I was extremely surprised to see so few of the (to me) obvious suspects referenced, particularly more from York. Some labs with people that publish lots in this area.
University of York Institute for Safe Autonomy
NASA Intelligent Systems Division
Waterloo Intelligent Systems Engineering Lab
Anything funded by the DARPA Assured Autonomy program
2. Second issue is a little more specific, related to this paragraph:
The reason the “nebulous requirements” aren’t explicitly stated is that when you make a safety case you assure the safety of a system against specific relevant hazards for the system you’re assuring. These are usually identified by performing a HAZOP analysis or similar. Not all AI systems have the same list of hazards, so its obviously dubious to expect you can list requirements a priori. This should have been stated, imo.
This is a good point. In retrospect, I should have written a related work section to cover these. My focus was mostly on AI systems that have only existed for ~ a year and future AI systems, so I didn’t spend much time reading safety cases literature specifically related to AI systems (though perhaps there are useful insights that transfer over).
My impression is that there is still a precedent for fairly detailed guidelines that describe how safety cases are assessed in particular industries and how hazards should be analyzed. For example, see the UK’s Safety Assessment Principles for Nuclear Facilities. I don’t think anything exists like this for evaluating risks from advanced AI agents.
I agree, however, that not everyone who mentions that developers should provide ‘safety evidence’ should need to specify in detail what this could look like.
I hear what you’re saying.

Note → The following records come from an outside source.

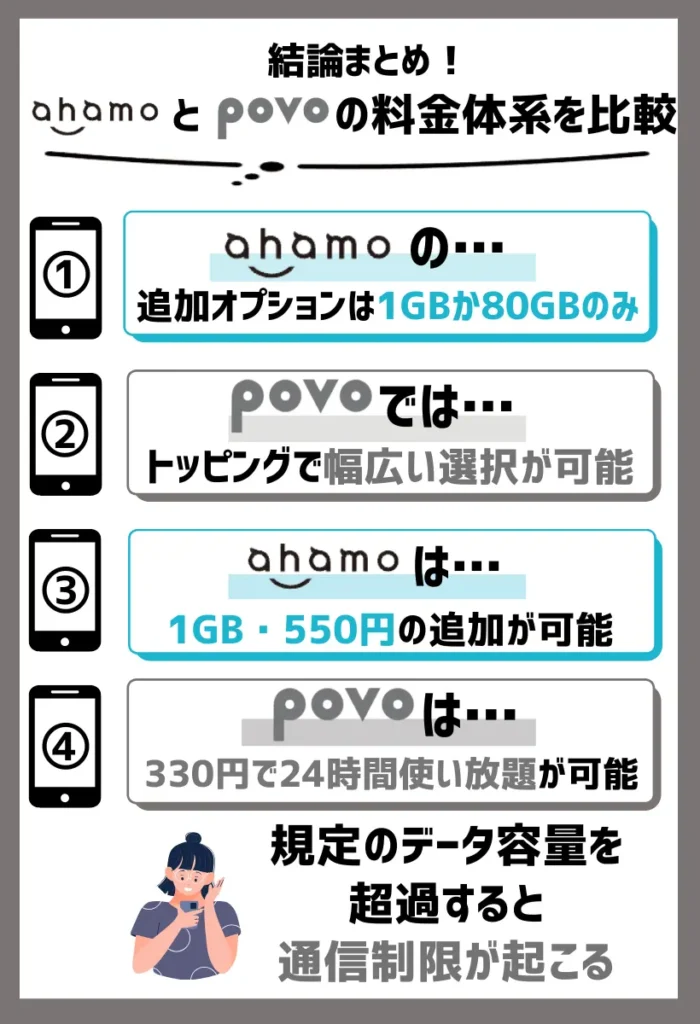 ahamoの追加オプションは1GBか80GBのみだがpovoでは幅広い選択が可能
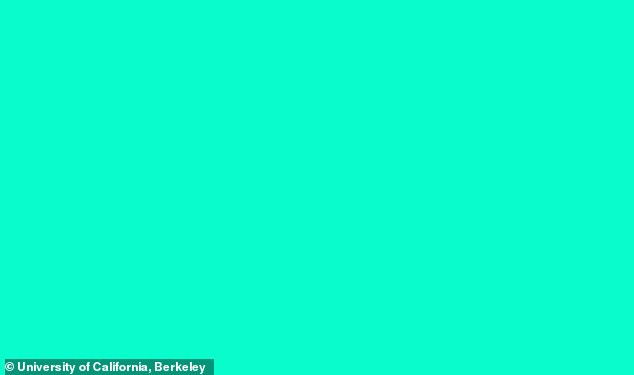 An image of a turquoise square has been shared by the researched to provide a sense of the colour, which they named 'olo'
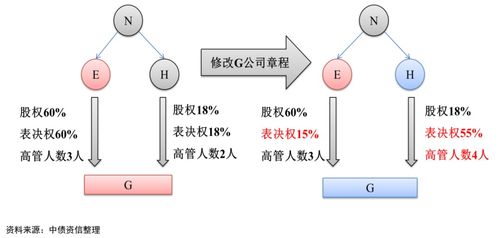 什么样的股东可以参加公司的管理？？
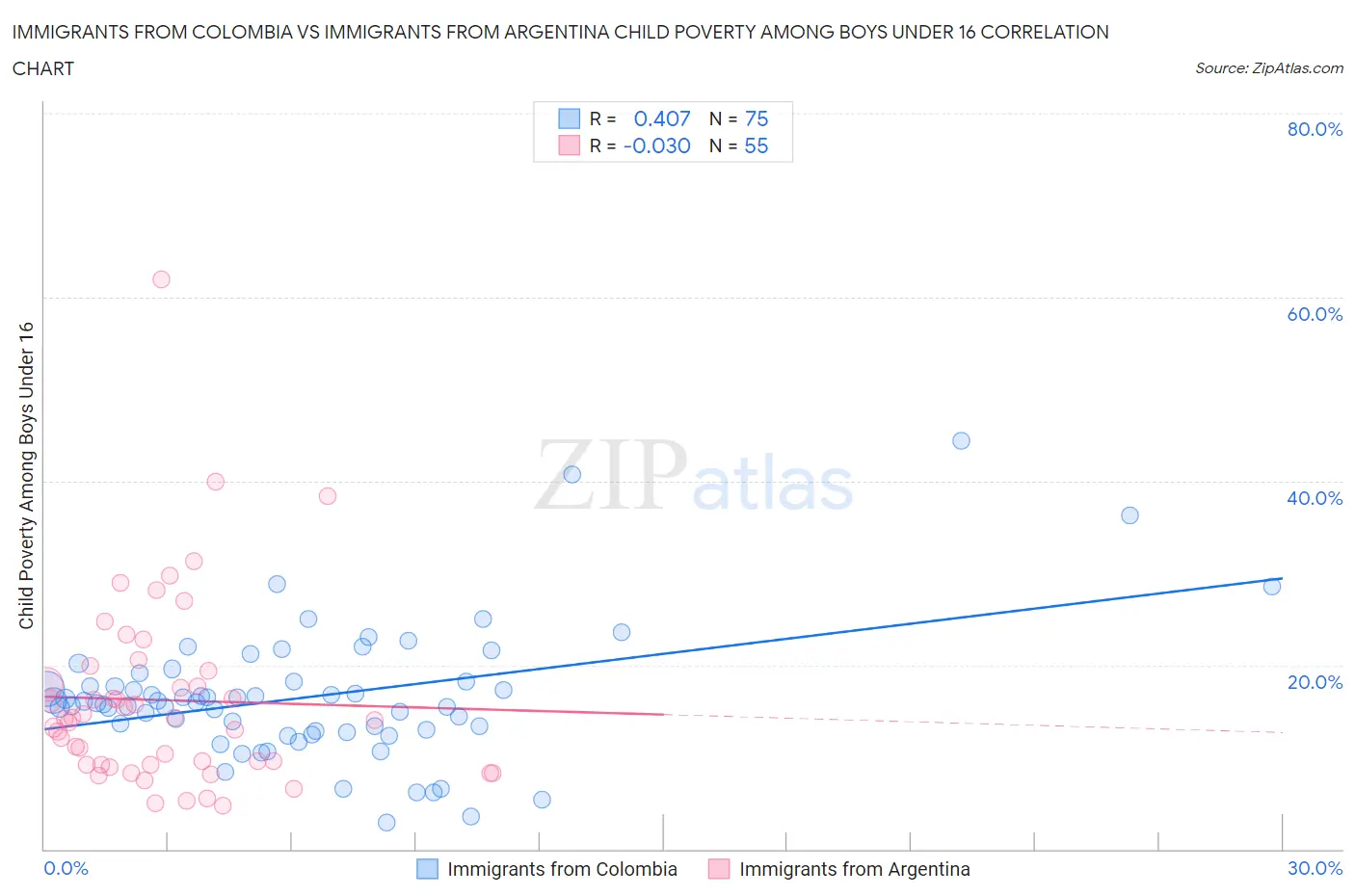 Immigrants from Colombia vs Immigrants from Argentina Child Poverty Among Boys Under 16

I probably should have made the following distinction:
A technology in the abstract (e.g. nuclear fission, LLMs)
A technology deployed to do a thing (e.g. nuclear in a power plant, LLM used for customer service)
The question I understand you to be asking is essentially how do we make safety cases for AI agents generally? I would argue that’s more situation 1 than 2, and as I understand it safety cases are basically only ever applied to case 2. The nuclear facilities document you linked definitely is 2.

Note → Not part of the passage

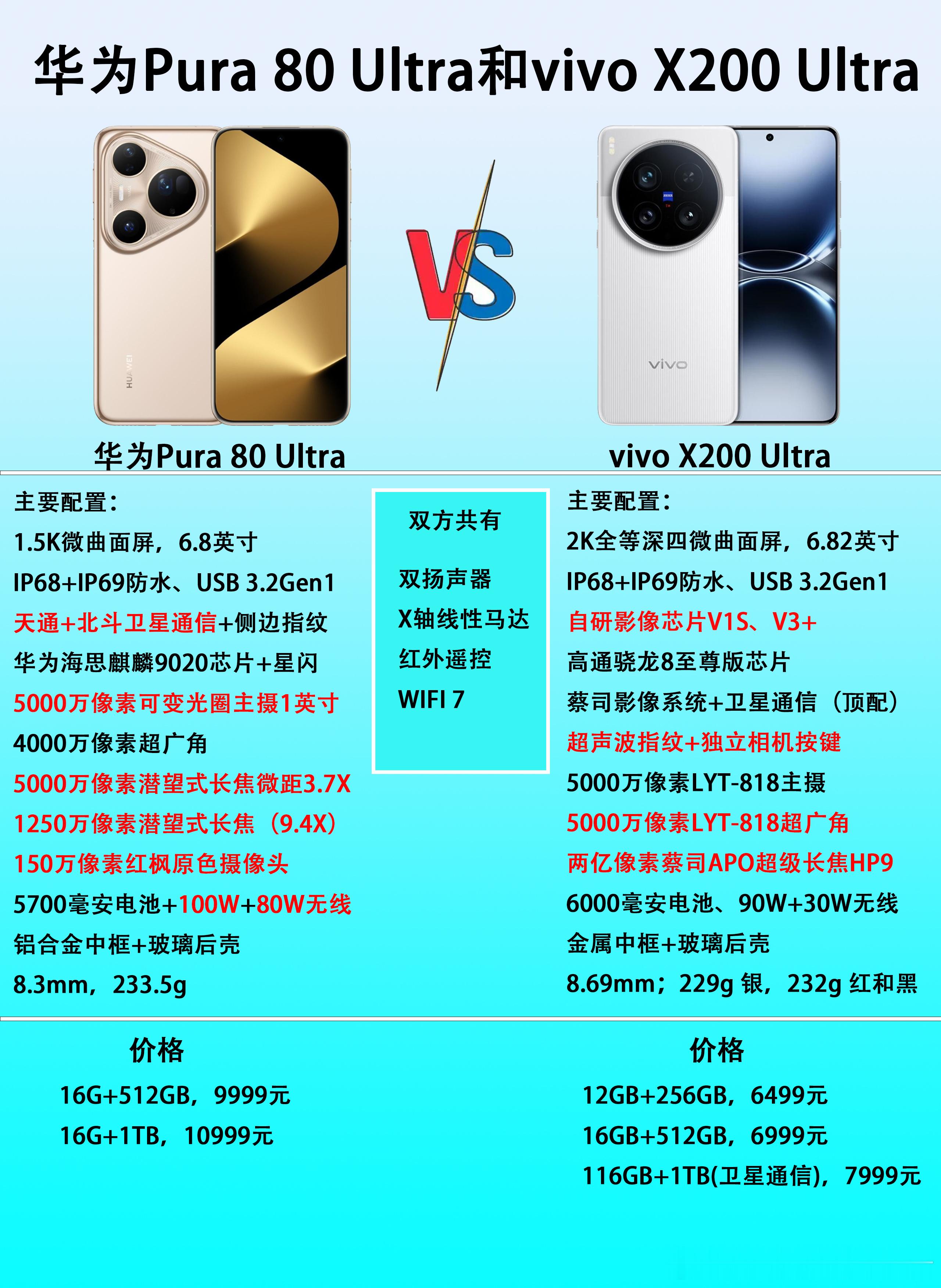 同样主打影像能力，华为Pura 80 Ultra和vivo X200 Ultra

So yeah, admittedly the document you were looking for doesn’t exist, but that doesn’t really surprise me. If you started looking for narrowly scoped safety principles for AI systems you start finding them everywhere. For example, a search for “artificial intelligence” on the ISO website results in 73 standards .
Just a few relevant standards, though I admit, standards are exceptionally boring (also many aren’t public, which is dumb):
UL 4600 standard for autonomous vehicles
ISO/IEC TR 5469 standard for ai safety stuff generally (this one is decently interesting)
ISO/IEC 42001 this one covers what you do if you set up a system that uses AI
You also might find this paper a good read: https://ieeexplore.ieee.org/document/9269875
This makes sense. Thanks for the resources!